I don't know if it's all a waste of time -- since few players will see this stuff, or care all that much -- but I like the way it adds depth to a fantasy world. I'd be interested to hear other thoughts on this approach.
kent_allard_jr: (the ancients)
Kimberly played me The Human Family Tree the other night, and I loved it for two (largely unrelated) reasons. First, a lot of the "action" took place in my neighborhood of Astoria, Queens, due to its amazing ethnic diversity, and it reinforced my love for the area. While most New Yorkers think of Astoria as a "Greek neighborhood" the stereotype is a bit out-of-date; while the Greeks own much of it (and the Italians, who long abandoned the place, still run its politics), it's as much Middle Eastern, Latin American and Eastern European as Greek these days. Sadly, no good neighborhood in New York survives for long, and as more white-bred over-educated folks like myself discover Astoria's wonders, it will turn into yet-another Yuppie Disneyland of Costco's and Trader Joe's. (Yes, I know I'm contributing to the trends I decry...) Nevertheless I'm glad to see the spotlight on my beloved multi-ethnic home while it still lives.

The other reason I loved the special was its subject matter. It traced mankind's exodus from Africa, and the paths different populations took across the world, providing a history of man's migratory patterns.
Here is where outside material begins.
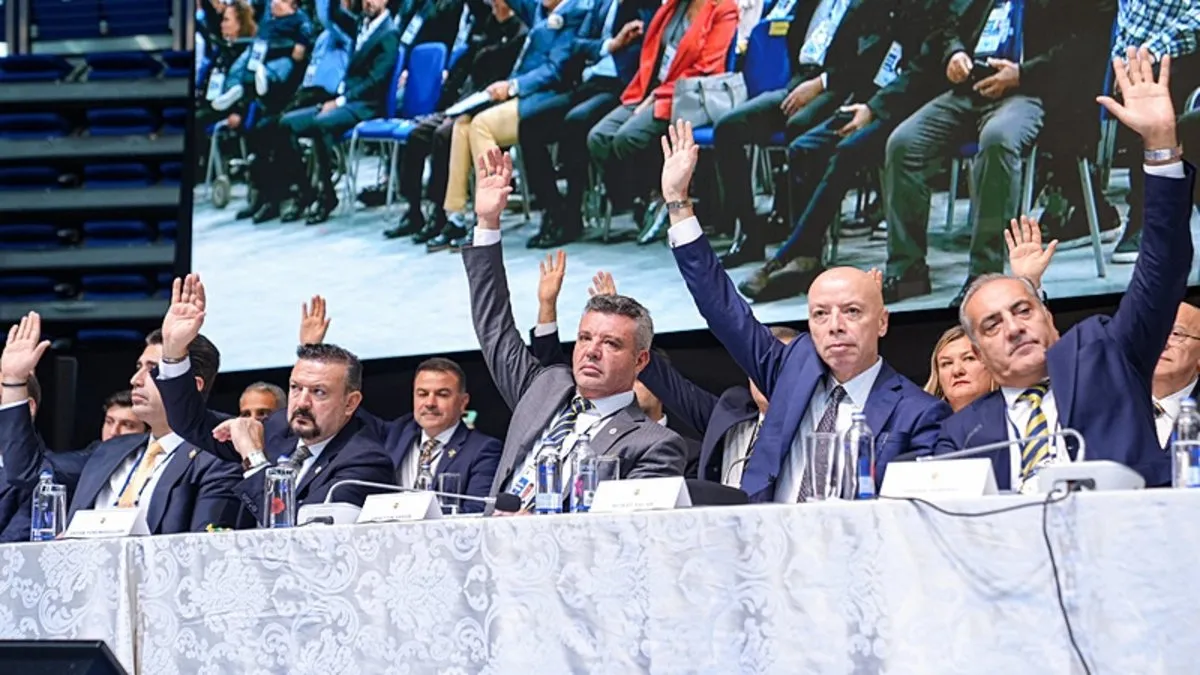 Fenerbahçe'de kritik yetki oylaması sona erdi! İşte kongrede çıkan sonuçlar...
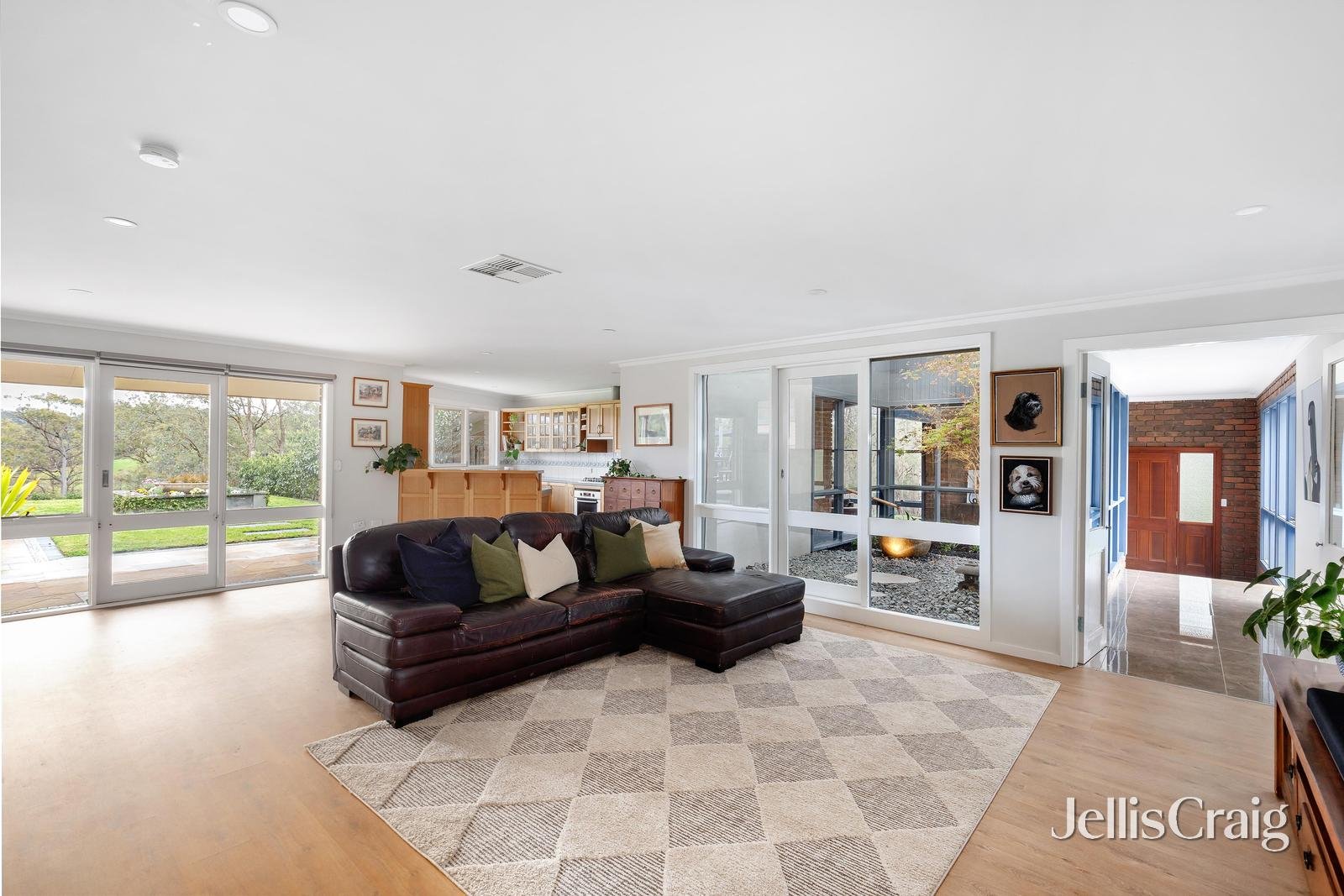 80 Watts Lane, Cottles Bridge image 4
You can see many of their findings illustrated on this wonderful interactive map. I encourage everyone to click on a path or two, and get a sense of some of the weird stories that suggest themselves.

Much of my reading over the past several years has been in historical linguistics, and part of its appeal, for me, was its use as a tool to uncover pre-history. When you find that the languages of Madagascar are related to those of South-East Asia, for example, it implies all sorts of scenarios, from heroic expeditions straight across the Indian Ocean, to vast Austronesian trading empires along the East African coast. Yet historical linguistics can only take us so far back, in Eurasia to the end of the Neolithic, at best. The "Genographic Project" highlighted in this special opens a whole new set of tools to unlock these amazing untold stories.
kent_allard_jr: (creativity)
Mark Rosenfelder's Internet classic is coming out, expanded, as an actual, honest-to-God book which I look forward to with great enthusiasm.
kent_allard_jr: (the ancients)
Yes, it's a pointless task, but supposedly one of the lines is, "Wait, McCullen is Scottish. Maybe the plane responds to Celtic!"

In case you wondered, there is no language called "Celtic" (unless it's used in Boston's basketball courts), and if it ever existed, it hasn't been spoken since the Bronze Age. The screenwriters must be thinking of Scots Gaelic. Funny how they spent tens of millions but never bothered Googling a major plot point.

(To be honest, I'm just posting this because the "ancients" icon hasn't gotten enough use. Say hello to Mr. Agamemnon!*)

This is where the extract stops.